====== Input records

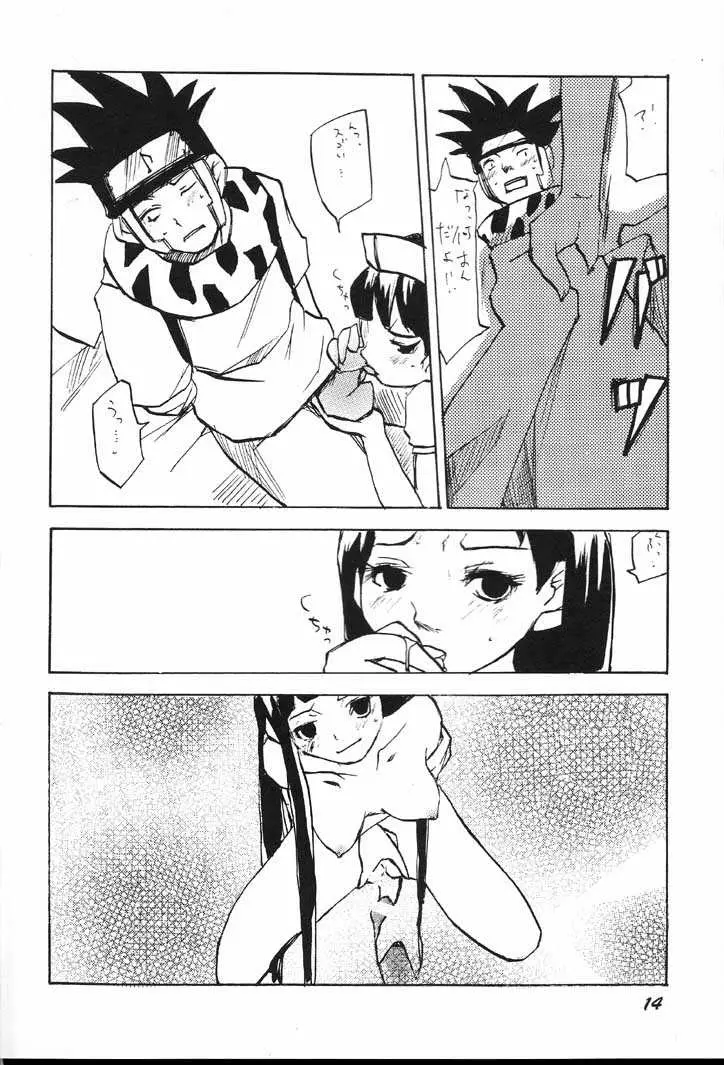 Page 13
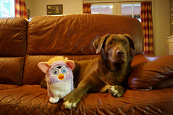 PawStory hondenspeelgoed Furrby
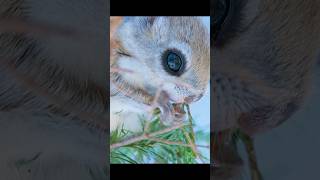Oh my gosh, you're so brave—I still can't bring myself to do that. #wildlife #animals #shortvideo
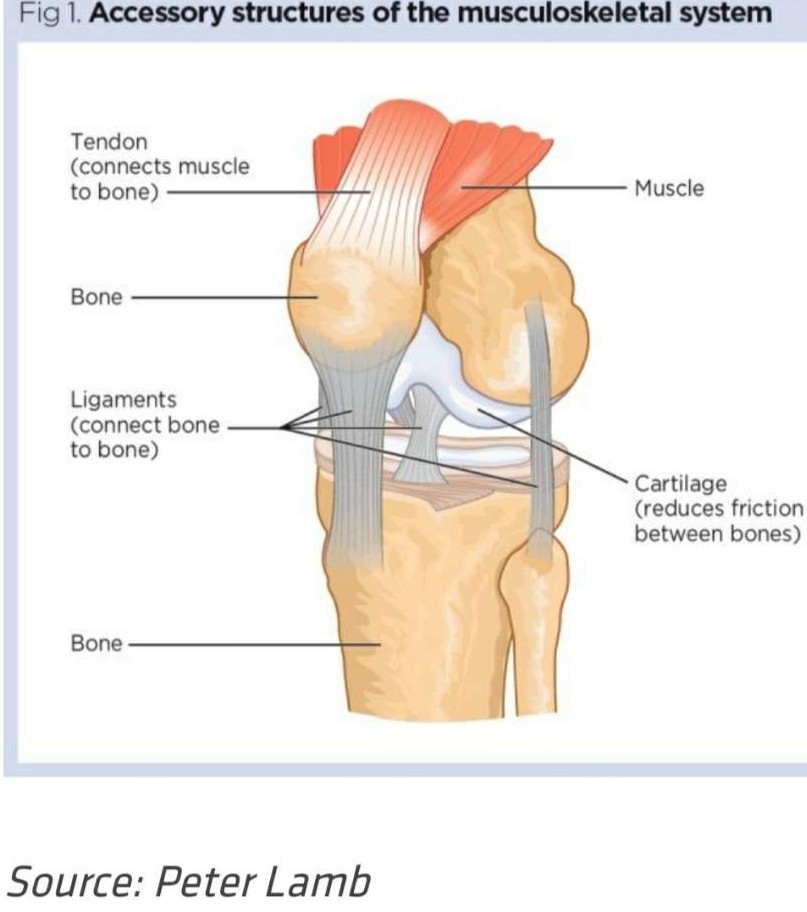 Muscles joints. Tendons and ligaments. Ligament Joint tendon. Joints, muscles and ligaments. Ligament tendon and Cartilage.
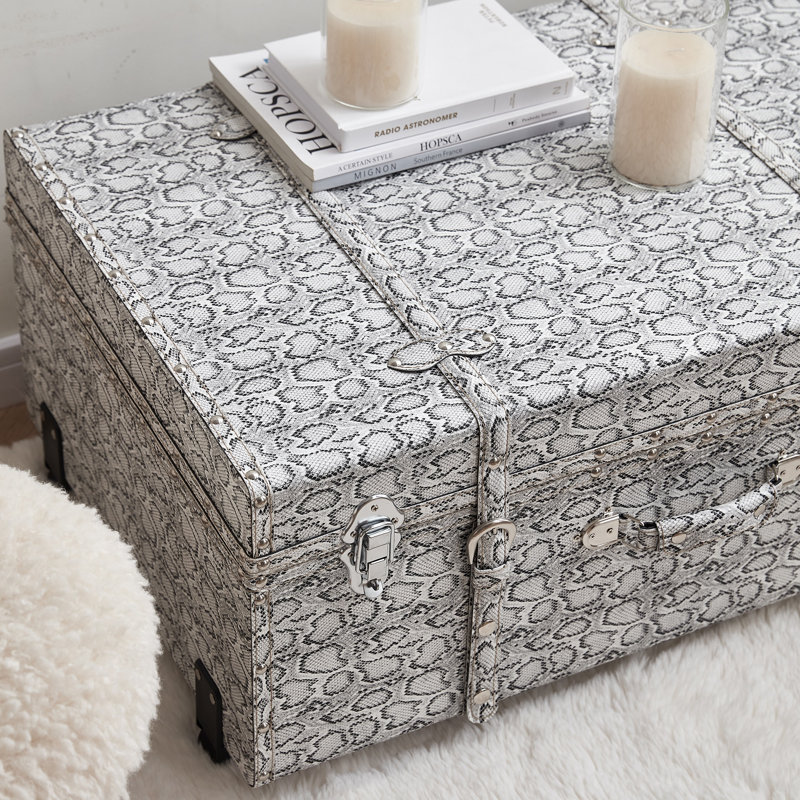 Texture Brand Trunk - Silver Snakeskin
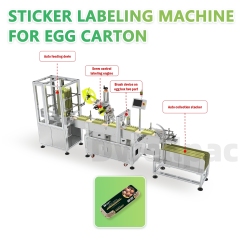 Dwellpac Automatic Egg Carton Labeling Machine | High-Precision Pulp Molded Packaging Solution,High-Efficiency Pulp Molding Machines & Custom Molds | DWELLPAC,Dwellpac Automatic Egg Carton Labeling Machine | High-Precision Pulp Molded Packaging Solution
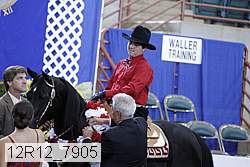 12r12_7905 thumbnail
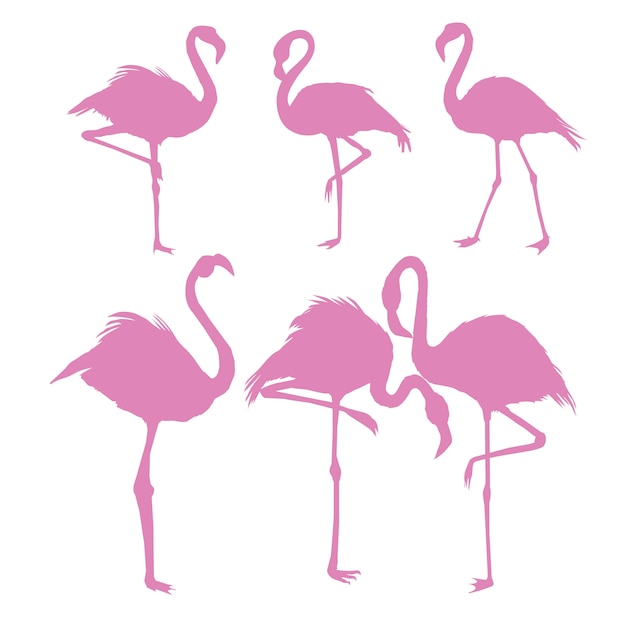 File of flamingo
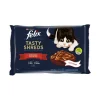 Comida Húmida para Gato Tasty Shreds Vaca e Frango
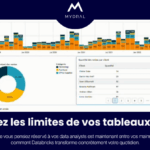 DATABRICKS NATIFS POUR LA BUSINESS INTELLIGENCE AVEC GENIE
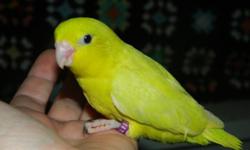Hi I have several baby parrotlets almost ready for there forever new homes.I have
1 pastel blue female. 250.00
1 am. yellow female 175.00
2 am. yellow males 200.00 ea.
1 blue pied male 175.00
1 blue pied female 175.00
1 blue female 150.00
.
Thank you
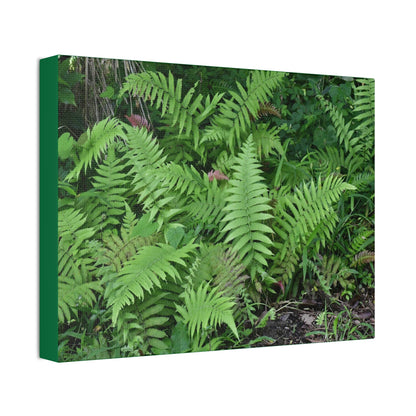 Canvas Stretched - Forest@Home - El Yunque - The happiness of being a simple Fern - one of 150 species of ferns here - Green Forest Home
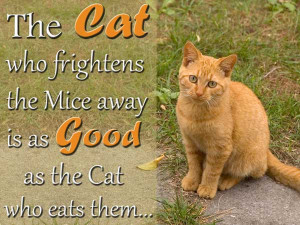 The cat who frightens the mice away is as good as the cat who eats ...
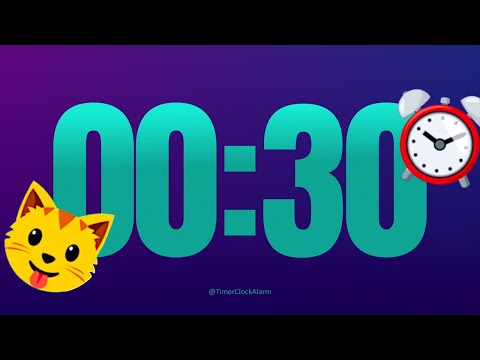 Timer 30 Seconds (Countdown)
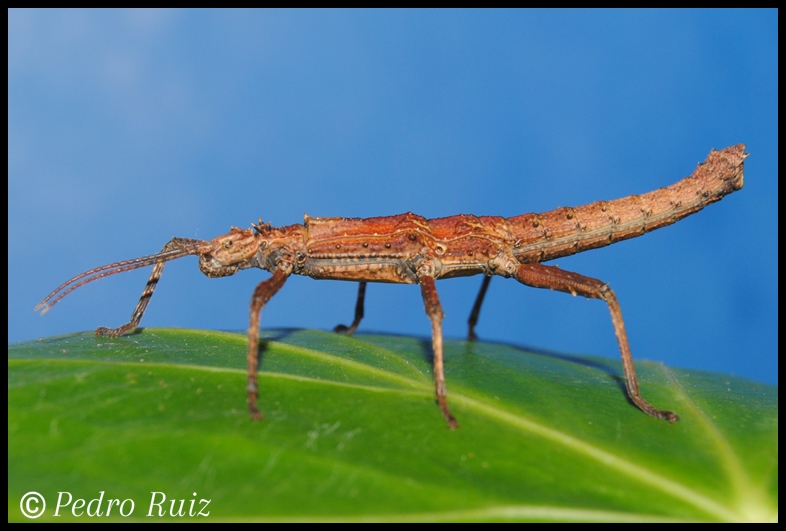 Ninfa macho L4 de Tisamenus serratorius, 3,8 cm de longitud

============

• **Task goal**
Reproduce the data word for word; no pictures.

• **Task solution**
 Page 13
 PawStory hondenspeelgoed Furrby
Oh my gosh, you're so brave—I still can't bring myself to do that. #wildlife #animals #shortvideo
 Muscles joints. Tendons and ligaments. Ligament Joint tendon. Joints, muscles and ligaments. Ligament tendon and Cartilage.
 Texture Brand Trunk - Silver Snakeskin
 Dwellpac Automatic Egg Carton Labeling Machine | High-Precision Pulp Molded Packaging Solution,High-Efficiency Pulp Molding Machines & Custom Molds | DWELLPAC,Dwellpac Automatic Egg Carton Labeling Machine | High-Precision Pulp Molded Packaging Solution
 12r12_7905 thumbnail
 File of flamingo
 Comida Húmida para Gato Tasty Shreds Vaca e Frango
 DATABRICKS NATIFS POUR LA BUSINESS INTELLIGENCE AVEC GENIE
Hi I have several baby parrotlets almost ready for there forever new homes.I have
1 pastel blue female. 250.00
1 am. yellow female 175.00
2 am. yellow males 200.00 ea.
1 blue pied male 175.00
1 blue pied female 175.00
1 blue female 150.00
.
Thank you
 Canvas Stretched - Forest@Home - El Yunque - The happiness of being a simple Fern - one of 150 species of ferns here - Green Forest Home
 The cat who frightens the mice away is as good as the cat who eats ...
 Timer 30 Seconds (Countdown)
 Ninfa macho L4 de Tisamenus serratorius, 3,8 cm de longitud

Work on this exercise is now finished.